La marmellata a colazione fa dimagrire: ecco perché

Per una dieta sana ed equilibrata le regole basilari ormai le conosciamo molto bene (quasi) tutti: cinque pasti, tanta frutta e verdura, senza dimenticare di bere almeno 1,5 litri di acqua al giorno. Seguendo queste semplici regole si vive meglio e più a lungo. Ma come distribuire al meglio gli alimenti per un diario alimentare che aiuti il nostro metabolismo ad essere veloce e a renderci felici mangiando? Ecco qualche consiglio.
Partiamo dalla prima colazione, che è il pasto più importante per stimolare un metabolismo essenziale per produrre e mantenere una sana massa magra e facilitare un sano dimagrimento. In questo momento della giornata, una buona marmellata (preferibilmente fatta in casa) trova qui il suo spazio perfetto, abbinata alla frutta fresca, alla quota proteica e ai cereali integrali che compongono la struttura fondamentale di ogni colazione ben fatta.
Quando la prima colazione è costruita in questo modo, si mandano all’organismo segnali che riducono la fame durante l’intera giornata e che determinano effetti metabolici importanti per la forma fisica anche durante il pomeriggio e la sera.
La marmellata a colazione fa dimagrire: ecco perché

Di Shaiith – Shutterstock

Marmellata o frutta secca, la colazione perfetta è con la frutta

Che sia confettura, che sia frutta secca o fresca, a colazione non deve mai mancare un frutto.

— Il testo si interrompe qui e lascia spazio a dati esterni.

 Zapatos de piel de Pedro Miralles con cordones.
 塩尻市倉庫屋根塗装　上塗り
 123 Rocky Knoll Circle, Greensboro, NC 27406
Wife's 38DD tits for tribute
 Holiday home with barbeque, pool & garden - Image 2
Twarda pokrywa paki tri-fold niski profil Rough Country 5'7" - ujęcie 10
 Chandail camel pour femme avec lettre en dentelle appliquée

Sappiamo che durante la preparazione della marmellata i frutti subiscono generalmente delle trasformazioni (e delle aggiunte, ad esempio di dolcificante) più o meno importanti che rendono il risultato finale molto più zuccherino di quello di partenza. Questo significa che ad esempio, la confettura di pesche ha un effetto sugli zuccheri nel sangue totalmente diverso da quello delicato che invece ha la pesca intera. Il modo in cui questi zuccheri passano dalla confettura (o dalla pesca) nel circolo sanguigno influisce non solo sulla salute ma anche sul senso di fame e sul dimagrimento: gli zuccheri che passano rapidamente dall’alimento al sangue (come quelli della confettura qualsiasi o dello zucchero) sono di stimolo negativo mentre il frutto intero assume un ruolo molto più bilanciato. Questo accade grazie alla presenza importante di fibra nella frutta fresca, che regola il contenuto (e l’assorbimento) di zucchero.

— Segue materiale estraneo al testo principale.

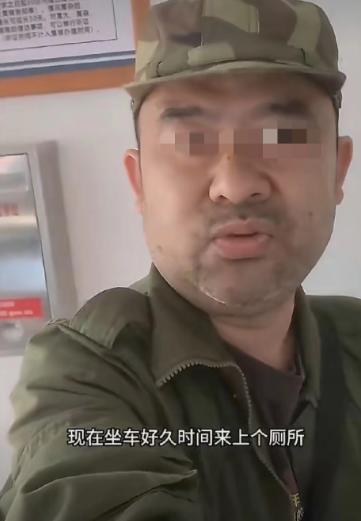 拄拐老兵借厕所遭保安粗暴拒绝：对方还抢手机。
 
4月17日，湖南长沙。退役老兵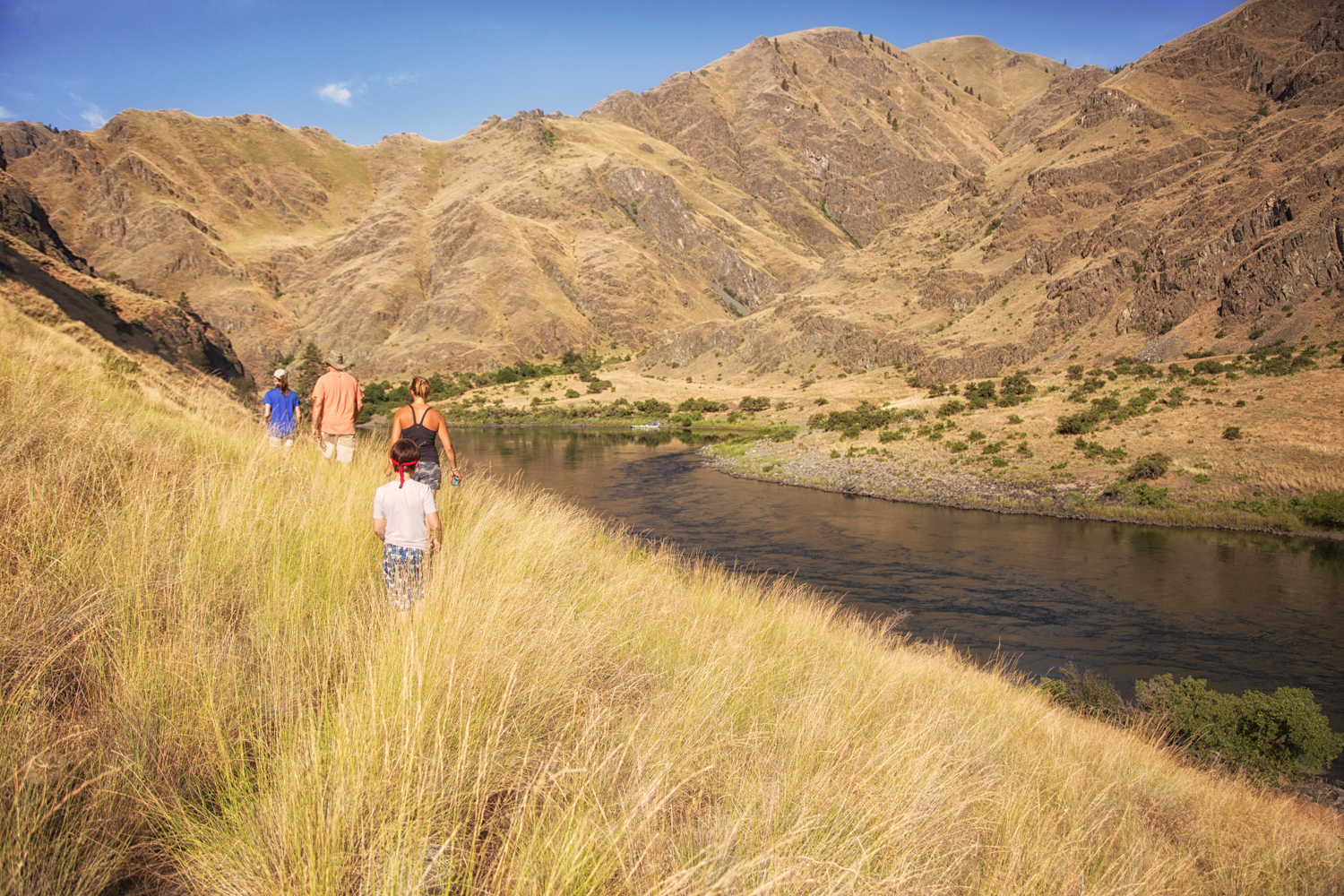 Hiking to Suicide Point in Hells Canyon via J5MM.com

Marmellata a colazione: perfetta per una dieta equilibrata

Una prima colazione con fette biscottate, gallette o pane integrali spalmate con la marmellata preferita abbinate a un buon quantitativo di proteine e a un frutto fresco, rappresenta non solo un pasto riccamente goloso ma anche un’ottima occasione metabolica per dimagrire e per farsi del bene con gusto.

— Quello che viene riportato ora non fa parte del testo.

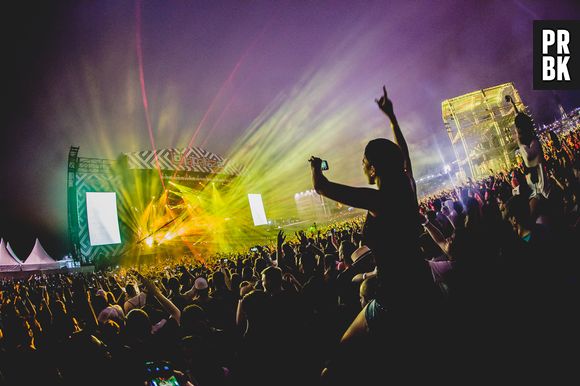 Calvin Harris agita o palco principal do Lollapalooza 2015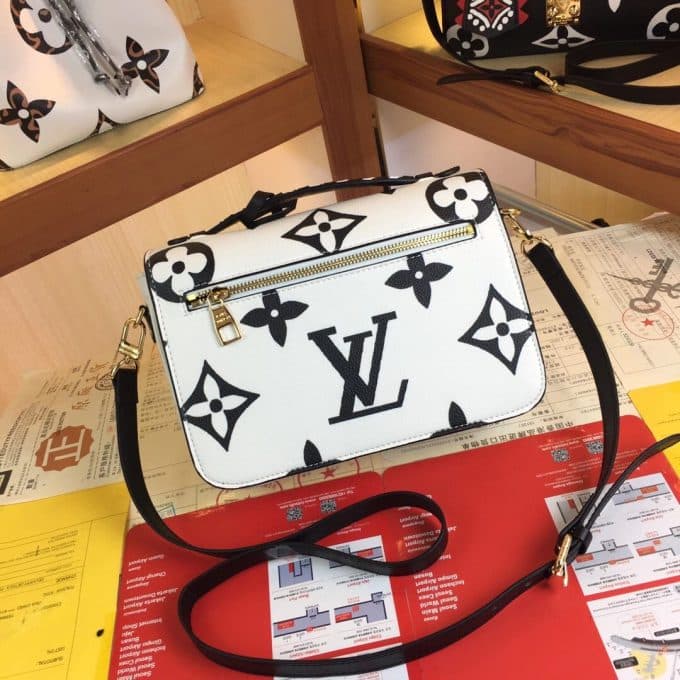 ルイヴィトンバッグコピー 2020新品注目度NO.1 Louis Vuitton レディース ショルダーバッグ - 画像 (4)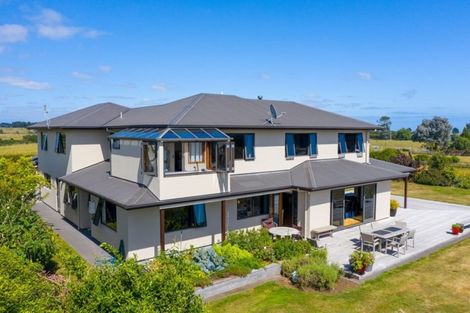 Photo of property in 91 Kaipikari Road, Urenui, 4375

La colazione degli italiani: qualche numero

colazione italiana sana sostenibile marmellata frutta fresca secca

Foto di unsplash

Gli abitanti italiani che pensano che la colazione sia un pasto importante sono meno, ma chi lo sceglie come pasto preferito non rinuncia a una dieta sana.

Negli ultimi dieci anni il numero degli abitanti italiani che fanno colazione, infatti, è sceso dal 92% all’86%. Il numero di coloro che fanno colazione tutti i giorni, invece, è aumentato, passando negli ultimi dieci anni dal 79% all’84% , così come pure il numero di coloro che preferisce consumarla con più calma a casa, magari seduto al tavolo insieme alla famiglia, seppur per pochi minuti. È inoltre aumentato sensibilmente il numero di coloro che per la colazione prediligono prodotti attenti alla salute, con meno grassi e zuccheri.

Ma quali sono gli alimenti migliori per la colazione degli italiani? Gli esperti nutrizionisti raccomandano di assumere, nelle corrette proporzioni, tutti i nutrienti: carboidrati (da prediligere quelli semplici, come cereali e prodotti ottenuti da farine poco raffinate), proteine come yogurt o latte di buona qualità, ma anche proteine alternative come il latte di soia, frutta di stagione per il giusto apporto di vitamine e sali minerali. E ovviamente una buona marmellata.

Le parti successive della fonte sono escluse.